Ki Tavo, Deuteronomy 26:1 -- 29:8

This week's portion includes: Bringing to the Temple as an offering the first fruits of the Seven Species special to the Land of Israel, Declaration of tithes, the Almighty designating the Jewish people as His treasured people (Deut. 26:16 -19), the command to set up in the Jordan River and then on Mount Ebal large stones which had the Torah written upon them in 70 languages, the command to have a public ratification of the acceptance of the Law from Mount Gerizim and Mount Ebal; the Torah then sets forth the blessings for following the Law and the curses for not following it, and concludes with Moshe's final discourse. Verse 28:46 tells us the importance of serving the Almighty with "joy and a good heart." The last verse of the portion instructs us "You shall fulfill the words of this covenant and do them so that you will succeed in all that you do!"

* * *

Dvar Torah
based on Growth Through Torah by Rabbi Zelig Pliskin

In relating the consequences for not following the Almighty's commandments, the Torah states:

"Your life shall hang in doubt before you, and you shall fear night and day, and you will not be sure of your livelihood" (Deut. 28:66).

What is the meaning of this verse?

The Talmud (Menachos 103b) explains that the verse refers to the pain and suffering of worrying about the future. "Your life shall hang in doubt before you" refers to someone who does not own land and buys a year's supply of grain each year. Though he has grain for this year, he worries about next year. The second level, "You shall fear night and day" refers to someone who buys grain once a week. He is in a worse situation; he has to find new grain every week. The most severe level, "you will not be sure of your livelihood" refers to someone who has to buy bread every day. He constantly has what to worry about.

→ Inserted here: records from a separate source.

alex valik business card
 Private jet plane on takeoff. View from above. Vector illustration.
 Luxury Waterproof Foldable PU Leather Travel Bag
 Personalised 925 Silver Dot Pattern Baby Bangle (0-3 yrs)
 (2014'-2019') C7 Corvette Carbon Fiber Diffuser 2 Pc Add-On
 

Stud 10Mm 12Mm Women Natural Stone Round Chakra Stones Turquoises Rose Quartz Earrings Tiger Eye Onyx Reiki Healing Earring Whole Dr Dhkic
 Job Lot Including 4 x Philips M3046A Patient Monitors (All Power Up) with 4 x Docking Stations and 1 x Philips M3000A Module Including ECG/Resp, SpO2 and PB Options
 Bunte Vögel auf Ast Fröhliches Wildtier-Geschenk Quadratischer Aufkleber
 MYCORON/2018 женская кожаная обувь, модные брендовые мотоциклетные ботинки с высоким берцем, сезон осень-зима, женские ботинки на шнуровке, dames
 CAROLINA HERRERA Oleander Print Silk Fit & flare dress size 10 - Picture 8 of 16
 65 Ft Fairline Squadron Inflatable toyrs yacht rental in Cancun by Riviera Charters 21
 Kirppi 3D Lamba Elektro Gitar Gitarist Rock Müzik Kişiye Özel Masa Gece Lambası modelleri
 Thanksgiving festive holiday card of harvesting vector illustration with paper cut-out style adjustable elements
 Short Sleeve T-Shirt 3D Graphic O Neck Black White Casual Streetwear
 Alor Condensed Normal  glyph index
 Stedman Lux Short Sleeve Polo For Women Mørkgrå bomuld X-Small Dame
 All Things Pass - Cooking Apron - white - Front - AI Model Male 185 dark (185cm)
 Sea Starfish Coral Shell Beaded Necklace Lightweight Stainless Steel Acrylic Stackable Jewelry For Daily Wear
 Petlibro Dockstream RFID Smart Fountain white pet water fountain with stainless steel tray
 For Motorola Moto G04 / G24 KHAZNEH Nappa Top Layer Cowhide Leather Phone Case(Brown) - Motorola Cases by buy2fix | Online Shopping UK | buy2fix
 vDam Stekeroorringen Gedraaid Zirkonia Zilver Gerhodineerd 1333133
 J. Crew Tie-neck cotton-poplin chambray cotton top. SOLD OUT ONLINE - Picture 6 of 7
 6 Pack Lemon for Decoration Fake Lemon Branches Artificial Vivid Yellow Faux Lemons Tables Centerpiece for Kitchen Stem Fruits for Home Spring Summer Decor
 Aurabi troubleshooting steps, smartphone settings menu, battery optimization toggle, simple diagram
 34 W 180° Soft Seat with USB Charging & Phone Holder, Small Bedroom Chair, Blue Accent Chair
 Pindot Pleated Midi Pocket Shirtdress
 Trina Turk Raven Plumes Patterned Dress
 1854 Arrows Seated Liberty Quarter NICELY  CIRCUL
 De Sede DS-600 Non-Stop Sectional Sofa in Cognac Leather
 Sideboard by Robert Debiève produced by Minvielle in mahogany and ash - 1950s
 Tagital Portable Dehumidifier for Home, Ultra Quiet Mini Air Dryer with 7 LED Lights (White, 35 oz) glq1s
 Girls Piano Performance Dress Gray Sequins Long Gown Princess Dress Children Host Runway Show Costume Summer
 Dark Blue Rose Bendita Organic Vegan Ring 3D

Rabbi Chaim Shmuelevitz, the former head of the famed Mir Yeshiva, frequently cited this statement of the Sages and pointed out that a person creates his own mental torture by his own thoughts. If you have enough food for today and you appreciate what you have, you are a fortunate person. You will live a happy life. If you keep worrying about the future, you will never have peace of mind. Even if you have enough to eat for the entire year, you can easily destroy the quality of your life by keeping your mind focused on all that can go wrong next year. Regardless of what will be next year, you are causing yourself suffering right now.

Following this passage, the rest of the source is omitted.